9 Debts That Are Always Non-dischargeable in Chapter 7 Bankruptcy:

  1. Any debt you do not include in the bankruptcy petition: When you file for bankruptcy, you must produce a schedule of all your creditors and amounts owed to each. Failing to list a creditor will prevent the debt from being discharged through bankruptcy.
  2. Student Loans: With a few exceptions, you will remain liable for student loans. In some cases, it is possible to prove that repaying the loans would cause an “undue hardship.” This exception requires a separate process for the forgiveness of student loan debt.
  3. Secured Debts: Chapter 13 is a better option for dealing with secured debts because the process gives you time to catch up late balances or modify the loan. You also have the option of giving back the asset. In that case, you could qualify to have any remaining balance owed discharged through the bankruptcy proceedings.
  4. Alimony, child support and attorney fees for child custody or support.
  5. Loans against retirement accounts.
  6. Delinquent tax debts.
  7. Association fees such as HOA, condo, or cooperative housing bills.
  8. Fines and penalties owe to the Government.
  9. Restitution from criminal acts. This class of debt includes financial obligations incurred because of a willful or malicious action against another person or their property. The law also excludes damages related to a DUI.
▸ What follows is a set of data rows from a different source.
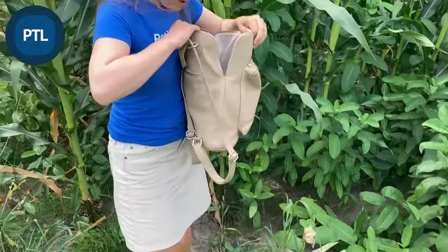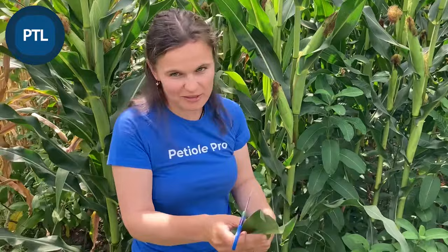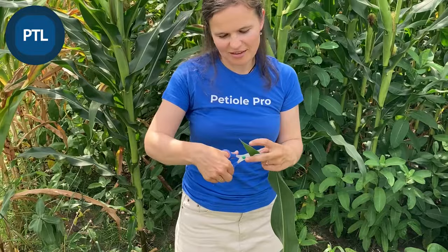I also need scissors, because scissors are important if you have long leaves. One of the ways to handle them is to cut them into smaller pieces and then use PTL for them. In this case we have very long leaves, so I will just cut them into shorter pieces.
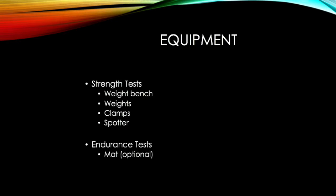Equipment needed for these assessments includes a weight bench, weights, clamps, and a partner to use as a spotter. For the push-up tests you could also use a mat, which is optional.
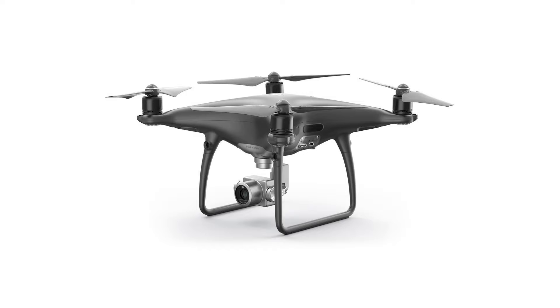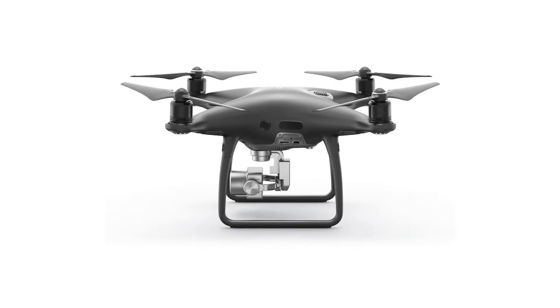One DJI Phantom 4 Pro Plus Obsidian Quadcopter, one Phantom 4 Obsidian remote controller with built-in screen, one mobile device holder, eight propellers, one intelligent flight battery.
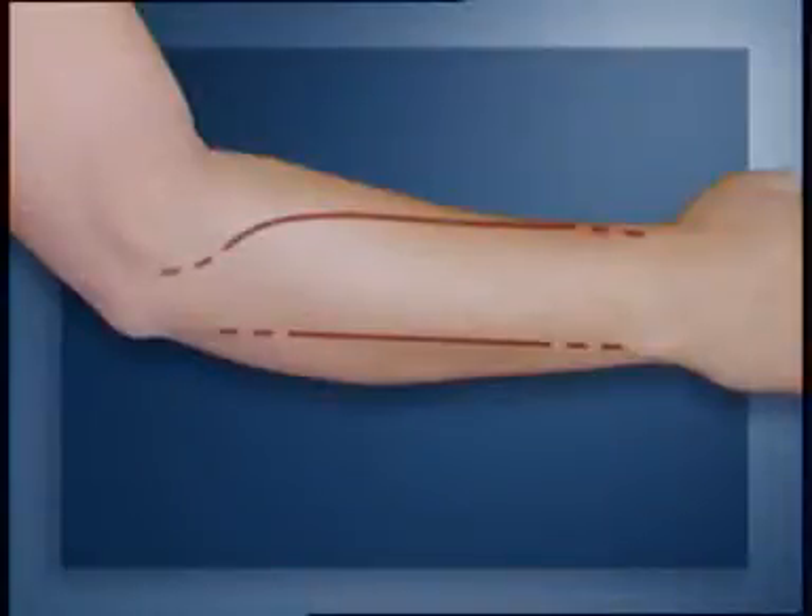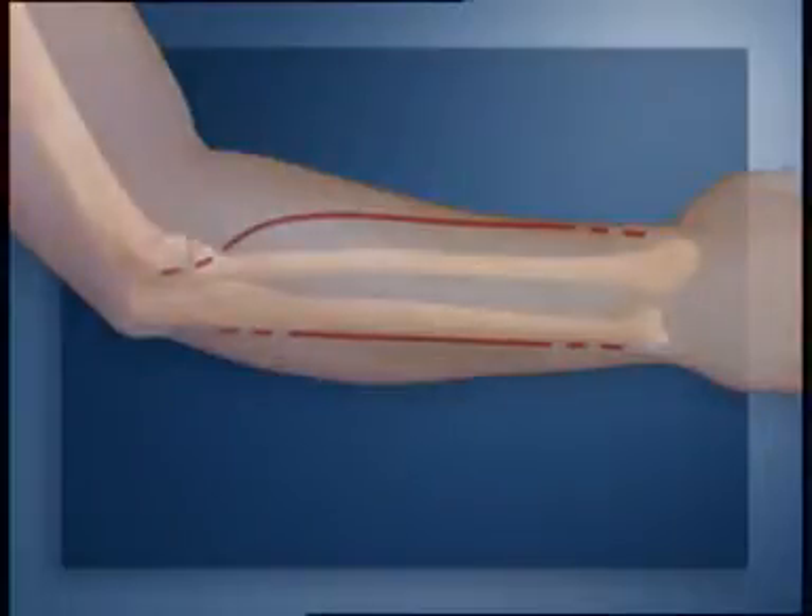To expose the two fractures, separate incisions — one for the ulna and one for the radius — are preferred. A single incision would need too much dissection.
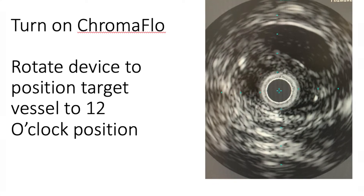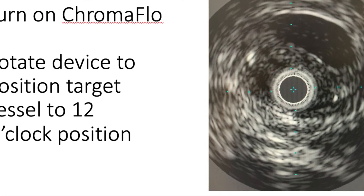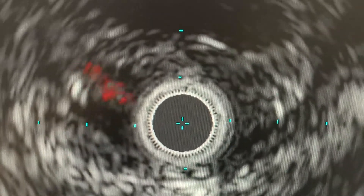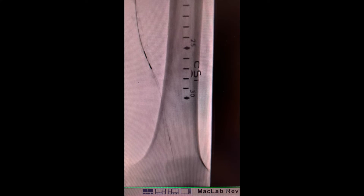The Cougar wire is gently advanced closer to the tip. IVS with chromoflow is turned on and the true lumen is rotated until it is above us at the 12 o'clock position to allow for re-entry. Now the Cougar wire moves freely out into the distal lumen without any difficulty.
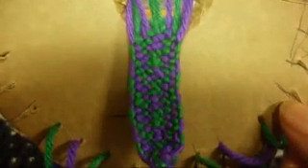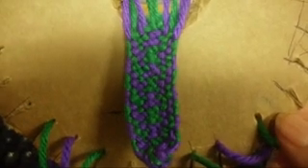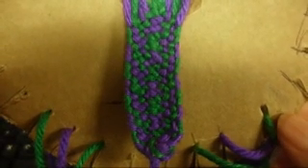Okay you guys, when you've done about three or four inches, your pattern is going to look like that. I hope you guys like it. Thank you very much for watching my videos, and please don't forget to comment, rate, and subscribe to my channel — I really appreciate that so much.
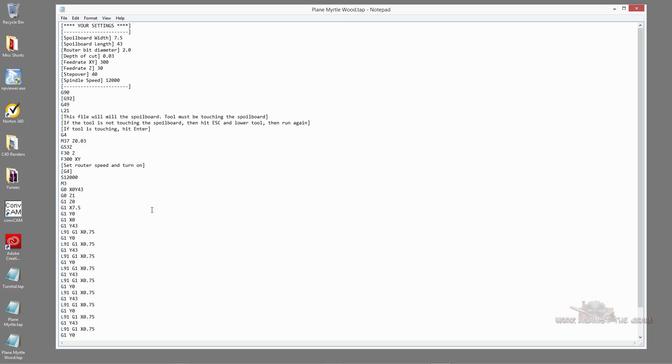The rest of the code tells it to go around the material, back and forth, up and down across the entire surface. When it was all done, I ran the file a second time because all I had to do was feed to Z0 so that my bit was touching the new zero — the top of the newly planed material. When I ran the G-code again, that M37 Z0.030 was there, and it once again told the machine you're 30 thousandths above zero, and then a couple lines down it says feed to zero again, taking that 30 thousandths cut again.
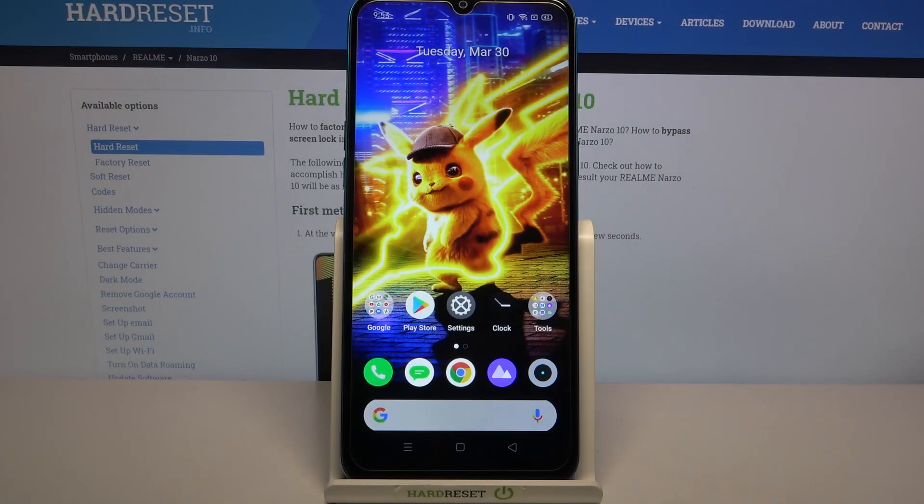Hi, in front of me is Reluminarzaten and today I would like to show you how you can set up screen lock on this device.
3 Debts That Could Remain if the Creditor Objects

  1. Debts resulting from a marital settlement or divorce
  2. Cash advance loans: If you receive a cash advance over $1,000 from a single creditor within 70 days of filing bankruptcy, the creditor can challenge the dismissal.
  3. Debts incurred due to fraud: Examples include large purchases made just prior to filing bankruptcy, which you had no intention of repaying. The law defines large purchases as accumulating more than $725 in charges within 90 days of filing bankruptcy from a single creditor. Fraud can also include things like falsifying information on credit applications, which give the creditor grounds to challenge the discharge.

Creditors who wish to challenge the discharge of your debts must present their case in an adversary proceeding. When this occurs, you must prove that you intended to repay the debt. If the court rules in the creditors’ favor, you will remain responsible for the debts in question.

Final Thoughts

In addition to non-dischargeable debts, courts can deny your bankruptcy petition if you do not follow the proceedings as mandated and provide required information to the courts by designated deadlines. Filing bankruptcy will require you to present tax forms, complete a credit management course at the beginning and the end of the proceedings, and openly disclose all debts and assets. Failure to meet any of these requirements can limit or eliminate your ability to discharge debts.